Order Of Worship (Liturgy)

Ps 65:1,2                                                                                            

Hy 1

Reading – Psalm 65; Luke 18:1-8; 2 Corinthians 1:12-22

Ps 106:1,22,23

Sermon – Lord’s Day 52, part 2

Hy 63:1,2,8

Hy 78:1,2,3,4,5

* As a matter of courtesy please advise Dr. Reuben Bredenhof, if you plan to use this sermon in a worship service.   Thank-you.

Beloved in Christ, many of us have busy lives. There are a lot of demands on our time, and we spend the week rushing from here to there, occupied by many things. Until another Sunday, it’s hard to find a moment’s rest. And even on Sunday our mind can be busy with work, and play, and projects, and commitments.

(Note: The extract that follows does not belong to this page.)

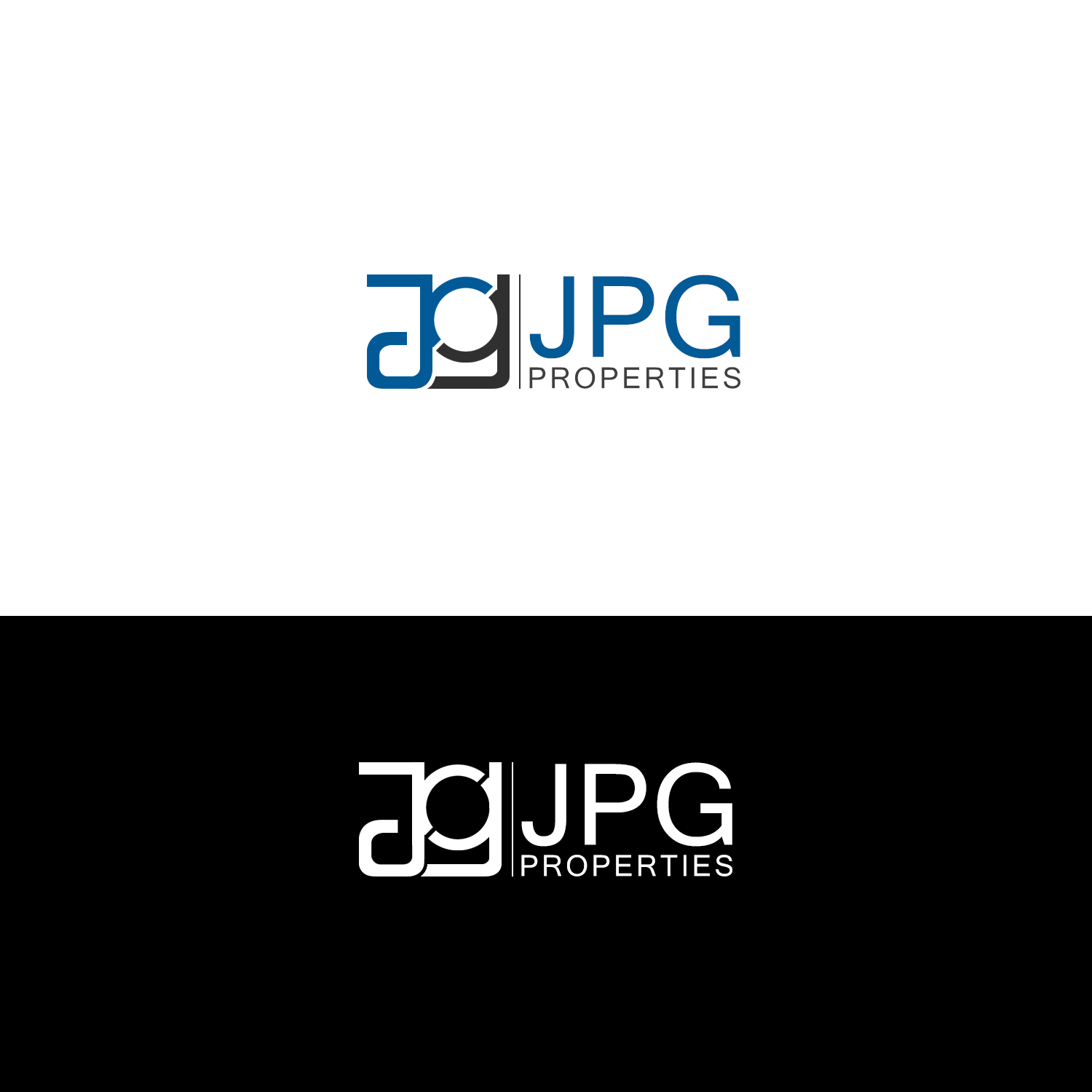 Logo Design by sumi.kda for this project | Design #12757418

Because we lead busy lives, we’ve learned to do things quickly. We eat quickly. We shower quickly. We drive quickly. And, let’s be honest, we also pray quickly. We know we should do it, but there’s other things to be done too. So we say our thanks, make our requests, confess our sins, and then we’re about done. It’s a quick prayer that we’re used to offering up.

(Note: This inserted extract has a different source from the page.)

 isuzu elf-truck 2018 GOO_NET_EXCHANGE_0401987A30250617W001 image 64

By the time we reach the end of our prayer, we’re ready to be finished. A few last phrases, and then ‘Amen.’ Perhaps I exaggerate a little, or perhaps I’m not far off. I too, have a busy life. I know what my own prayers can be like. But Scripture always provides a corrective to our habits. The Bible always reminds us of what God really wants.

About our prayer life, Scripture has a lot to say. Each part of our prayer—whether adoration, confession, thanksgiving, or supplication—each part is needed, and no part can be overlooked. Also when it comes to the end of our prayers, we must be mindful of what God desires. It’s not a time to lose focus, or to say some phrases that are empty of meaning. When we conclude our prayers, we have to do this in the right spirit before God.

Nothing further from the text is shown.